Start of Working data

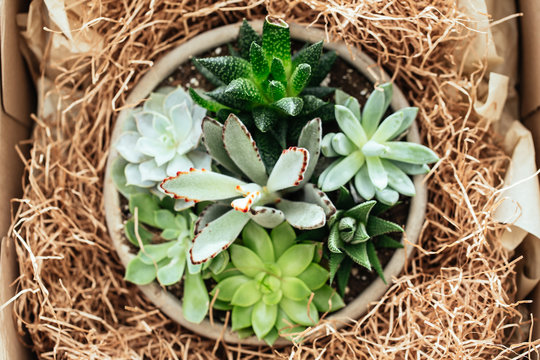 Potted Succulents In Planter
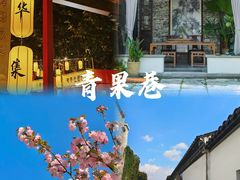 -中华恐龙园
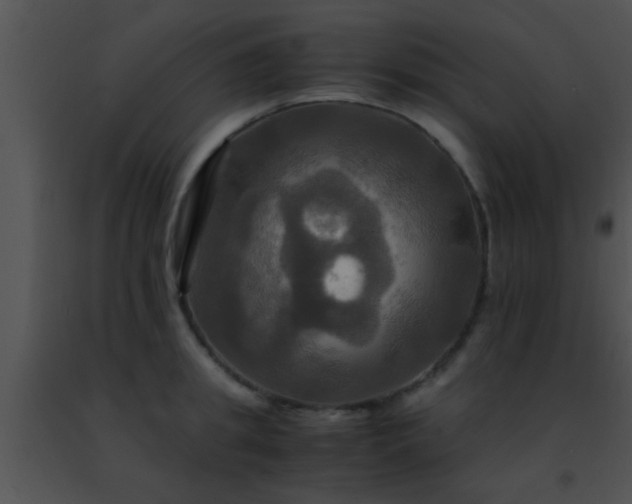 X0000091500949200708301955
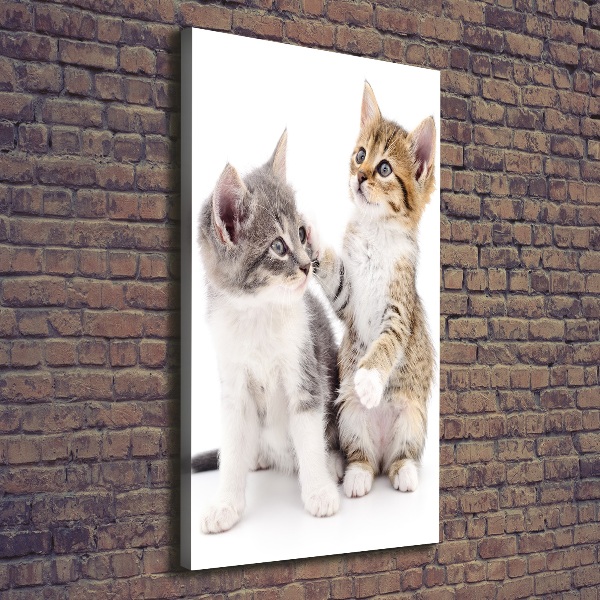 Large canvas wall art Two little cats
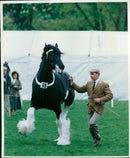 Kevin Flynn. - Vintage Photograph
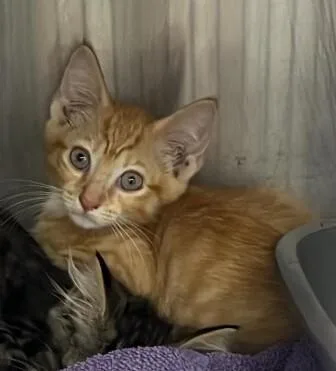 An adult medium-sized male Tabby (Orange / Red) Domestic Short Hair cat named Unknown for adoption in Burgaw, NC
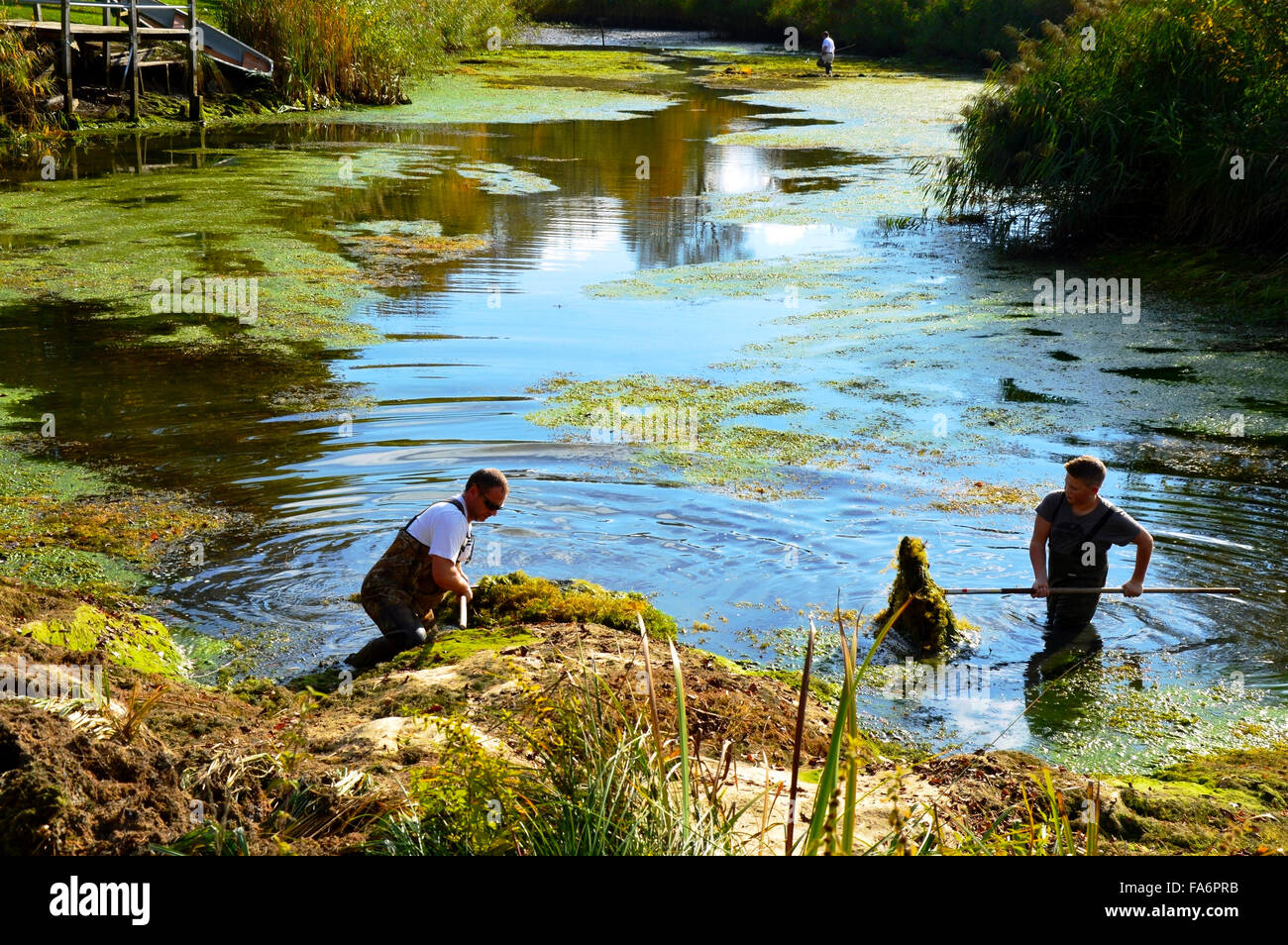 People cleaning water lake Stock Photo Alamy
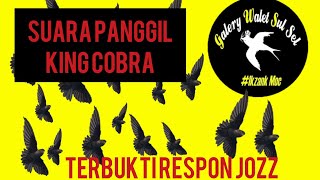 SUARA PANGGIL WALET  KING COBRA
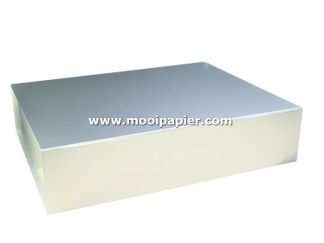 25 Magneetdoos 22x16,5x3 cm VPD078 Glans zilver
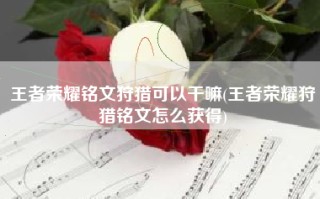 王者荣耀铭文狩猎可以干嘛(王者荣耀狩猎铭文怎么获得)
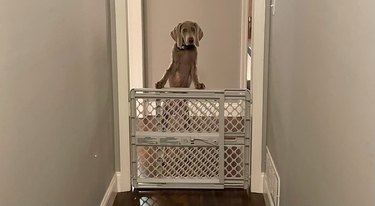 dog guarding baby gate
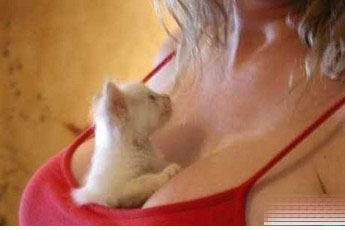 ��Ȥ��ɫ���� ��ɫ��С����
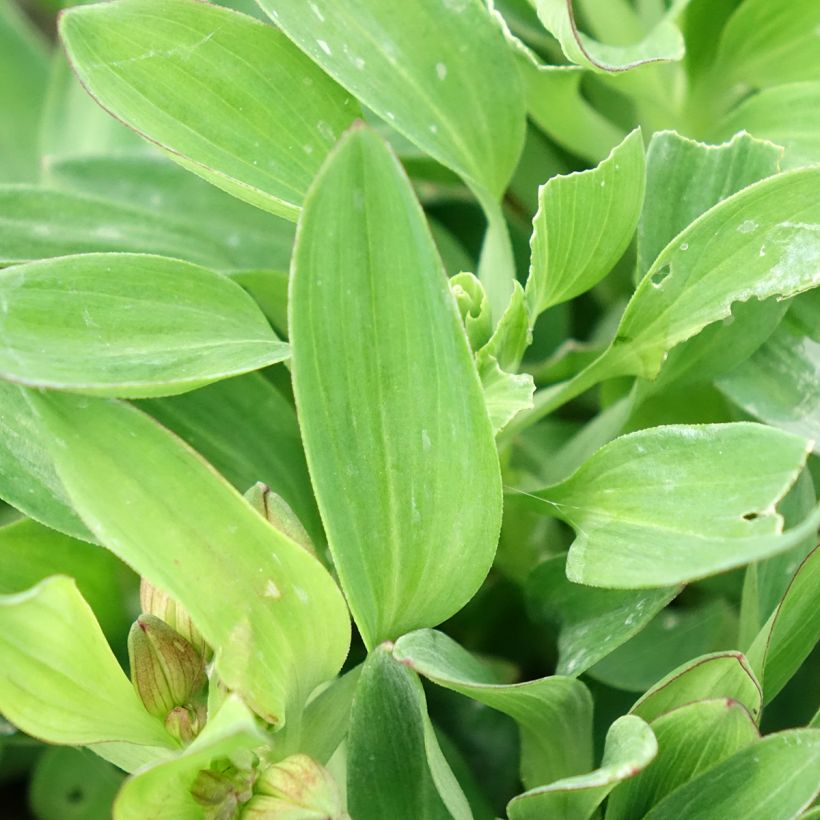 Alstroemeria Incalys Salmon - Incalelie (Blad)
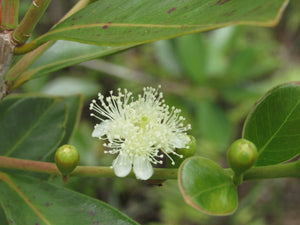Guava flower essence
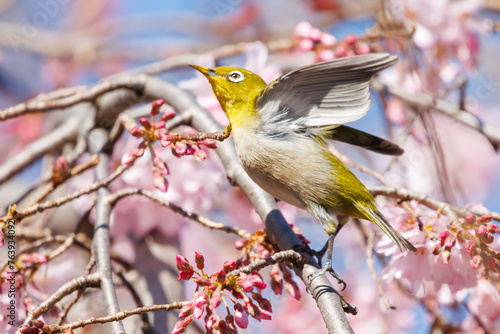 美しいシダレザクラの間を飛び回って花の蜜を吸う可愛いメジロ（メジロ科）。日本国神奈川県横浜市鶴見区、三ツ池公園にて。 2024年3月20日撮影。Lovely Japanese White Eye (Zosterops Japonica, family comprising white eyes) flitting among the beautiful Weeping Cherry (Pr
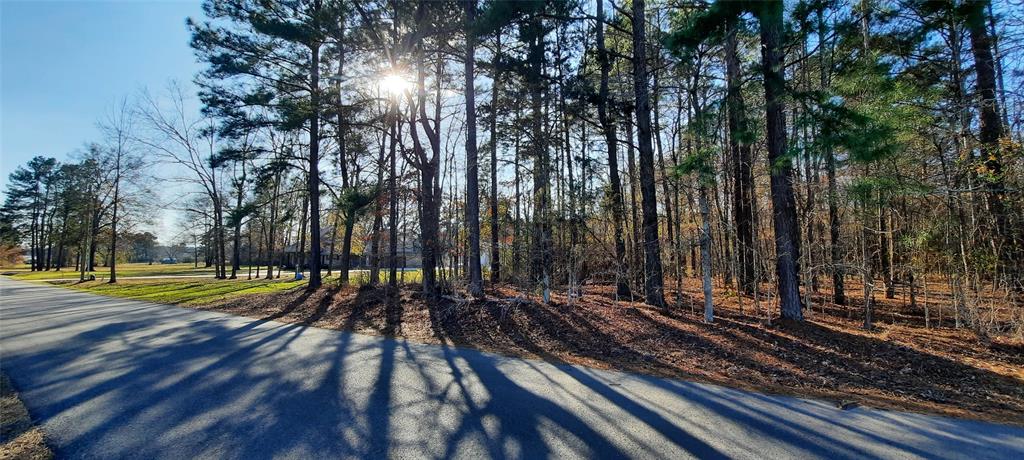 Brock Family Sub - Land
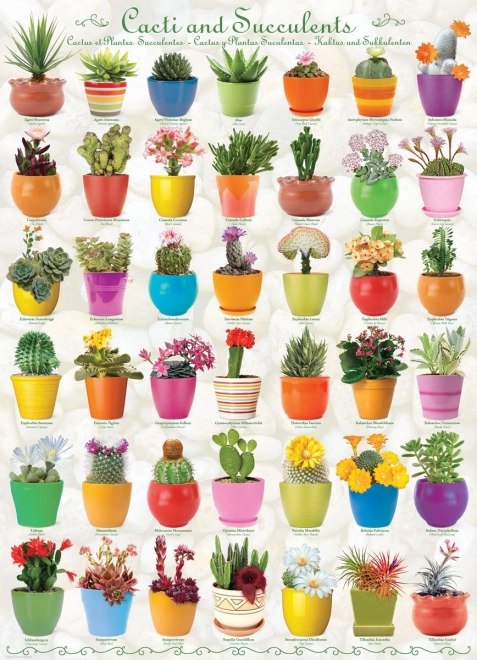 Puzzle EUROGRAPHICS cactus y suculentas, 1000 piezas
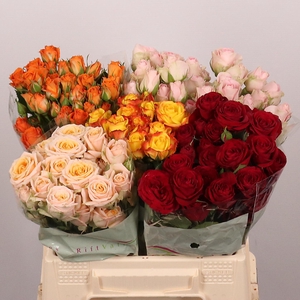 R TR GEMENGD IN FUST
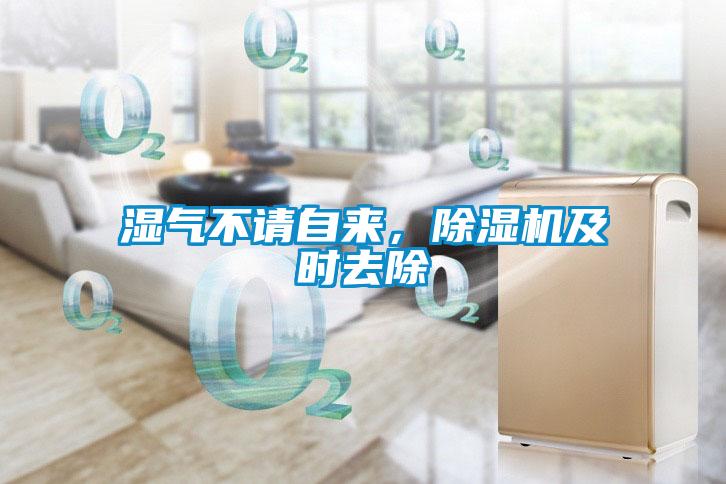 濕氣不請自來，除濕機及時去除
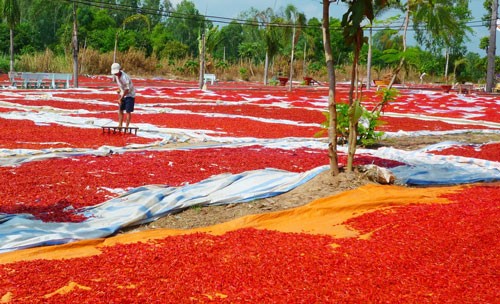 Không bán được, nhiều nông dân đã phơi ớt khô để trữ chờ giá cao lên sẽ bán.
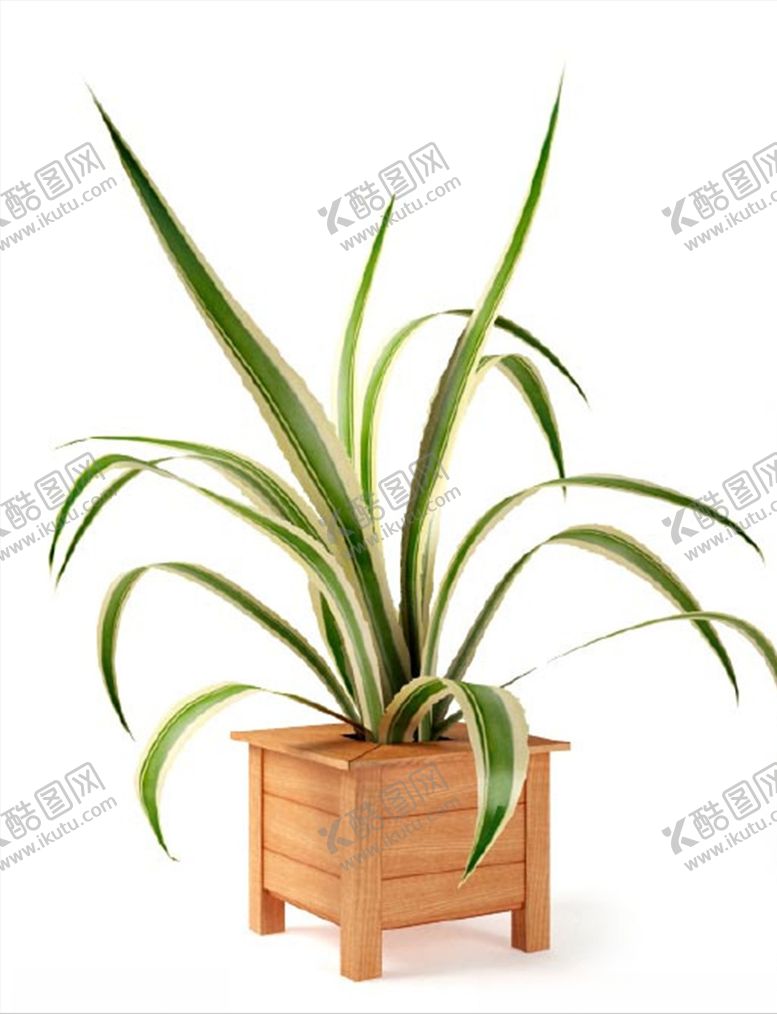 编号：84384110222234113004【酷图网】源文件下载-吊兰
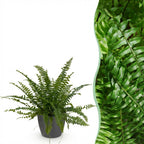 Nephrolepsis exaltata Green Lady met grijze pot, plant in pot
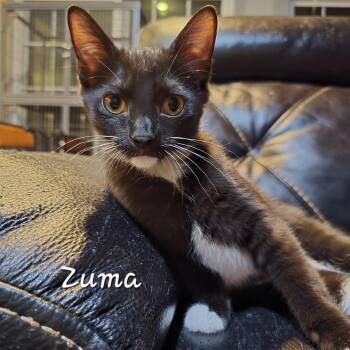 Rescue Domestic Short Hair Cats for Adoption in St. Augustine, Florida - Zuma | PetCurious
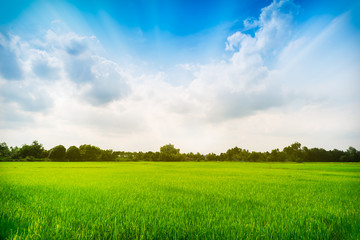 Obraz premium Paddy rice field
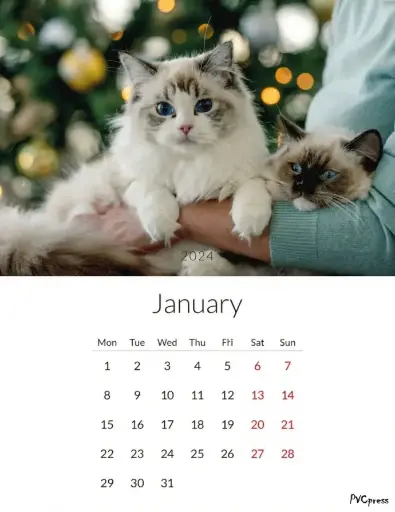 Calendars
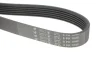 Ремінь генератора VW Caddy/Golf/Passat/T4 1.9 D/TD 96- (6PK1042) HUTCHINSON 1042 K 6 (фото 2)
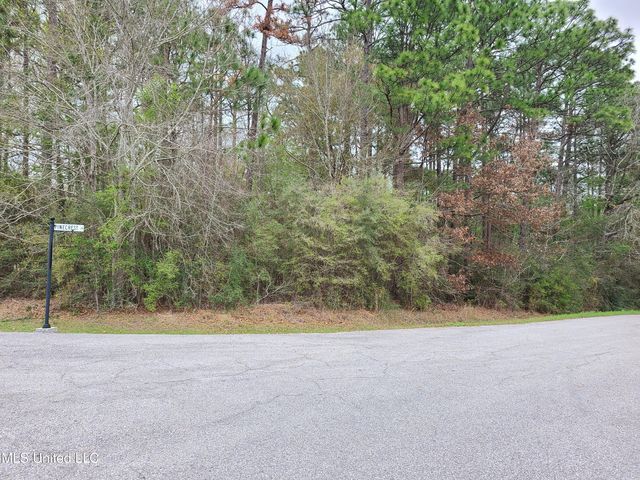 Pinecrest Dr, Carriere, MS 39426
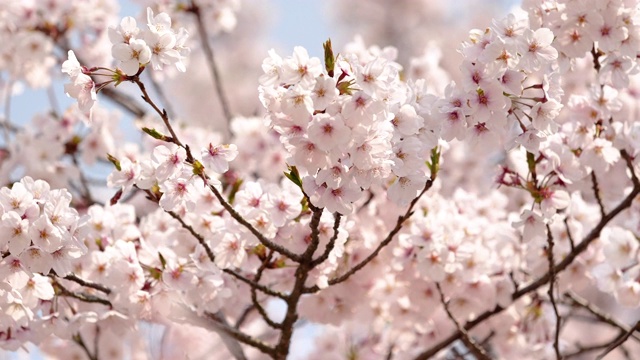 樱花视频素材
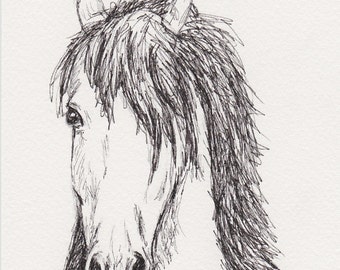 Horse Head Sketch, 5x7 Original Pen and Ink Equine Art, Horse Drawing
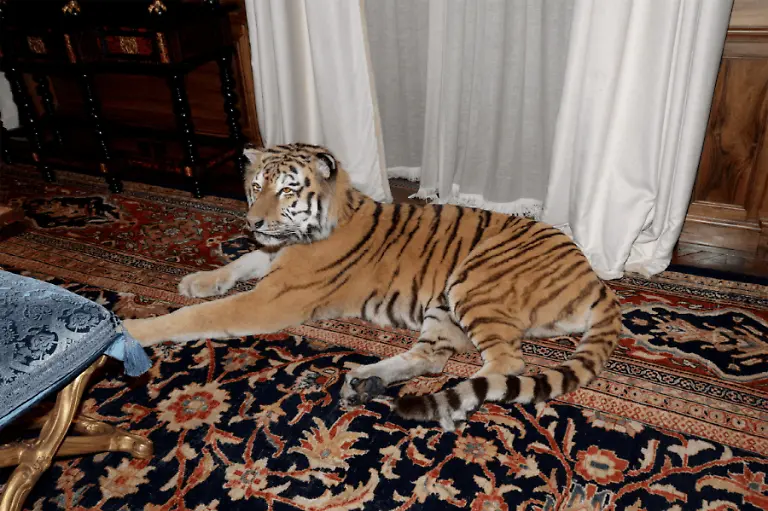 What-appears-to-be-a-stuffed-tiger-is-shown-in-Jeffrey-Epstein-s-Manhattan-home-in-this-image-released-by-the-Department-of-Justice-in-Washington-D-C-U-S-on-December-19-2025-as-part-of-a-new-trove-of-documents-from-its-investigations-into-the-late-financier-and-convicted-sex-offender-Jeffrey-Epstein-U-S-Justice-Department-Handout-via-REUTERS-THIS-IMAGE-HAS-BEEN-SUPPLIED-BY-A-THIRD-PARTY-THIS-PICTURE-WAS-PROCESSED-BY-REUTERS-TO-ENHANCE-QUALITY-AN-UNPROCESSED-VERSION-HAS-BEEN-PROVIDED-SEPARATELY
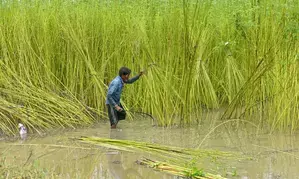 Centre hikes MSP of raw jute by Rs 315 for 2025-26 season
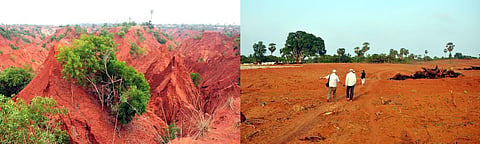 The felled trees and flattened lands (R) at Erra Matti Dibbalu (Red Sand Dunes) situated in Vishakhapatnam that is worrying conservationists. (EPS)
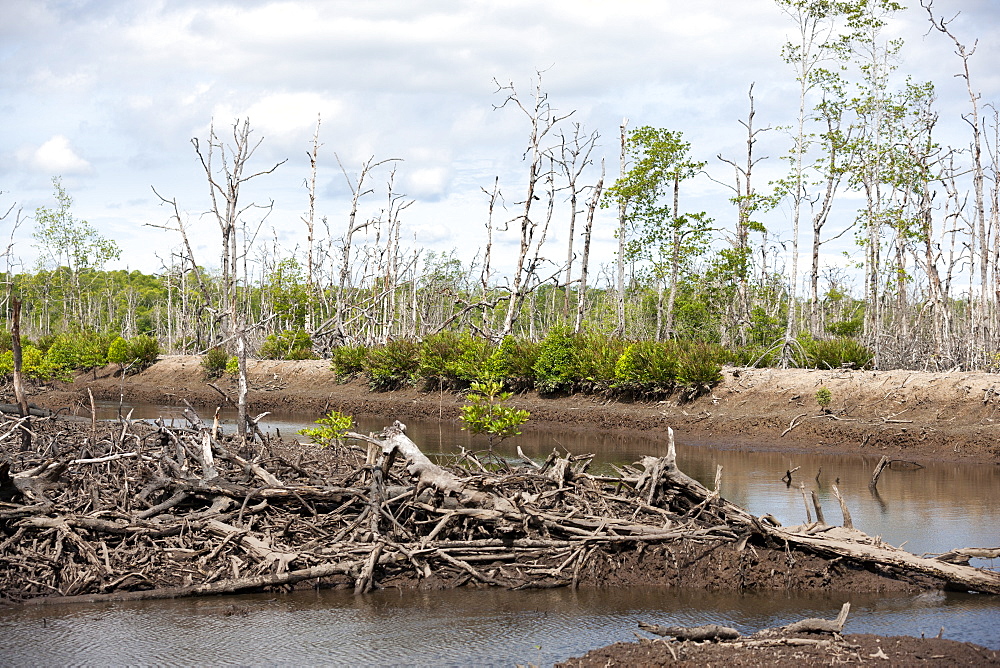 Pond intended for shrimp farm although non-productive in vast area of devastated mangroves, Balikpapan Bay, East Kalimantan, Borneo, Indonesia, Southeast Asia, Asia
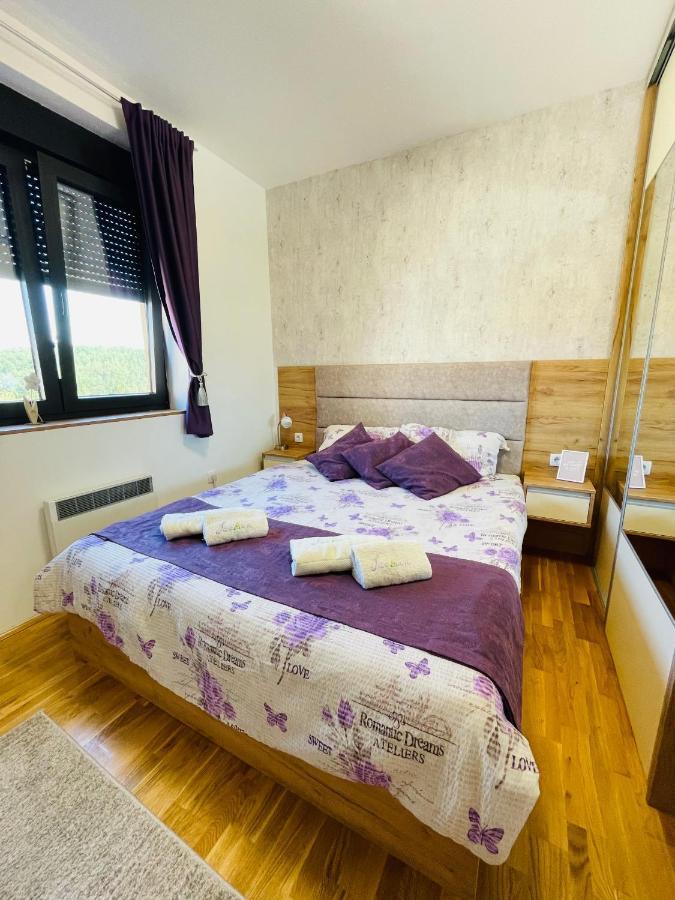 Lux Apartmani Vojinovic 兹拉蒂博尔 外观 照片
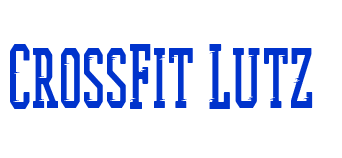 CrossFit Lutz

End of Working data

## Assignment
Please reproduce exactly and only the lines from the first line of the records through the line containing "Alstroemeria Incalys Salmon", both included, omitting any pictures.

## Response to this exercise
 Potted Succulents In Planter
 -中华恐龙园
 X0000091500949200708301955
 Large canvas wall art Two little cats
 Kevin Flynn. - Vintage Photograph
 An adult medium-sized male Tabby (Orange / Red) Domestic Short Hair cat named Unknown for adoption in Burgaw, NC
 People cleaning water lake Stock Photo Alamy
 SUARA PANGGIL WALET  KING COBRA
 25 Magneetdoos 22x16,5x3 cm VPD078 Glans zilver
 王者荣耀铭文狩猎可以干嘛(王者荣耀狩猎铭文怎么获得)
 dog guarding baby gate
 ��Ȥ��ɫ���� ��ɫ��С����
 Alstroemeria Incalys Salmon - Incalelie (Blad)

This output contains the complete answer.